----- Materials provided
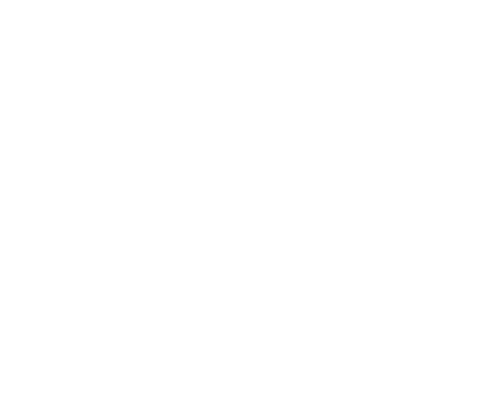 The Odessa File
----------
----- Materials provided
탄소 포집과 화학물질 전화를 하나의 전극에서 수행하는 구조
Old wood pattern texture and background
----------
• Task instructions
In the entries above, find the line with "탄소 포집과 화학물질 전화를 하나의 전극에서 수행하는 구조" and the line with "Old wood pattern texture and background", then restate word for word both of them and every line between, with nothing more.

• Result
탄소 포집과 화학물질 전화를 하나의 전극에서 수행하는 구조
Old wood pattern texture and background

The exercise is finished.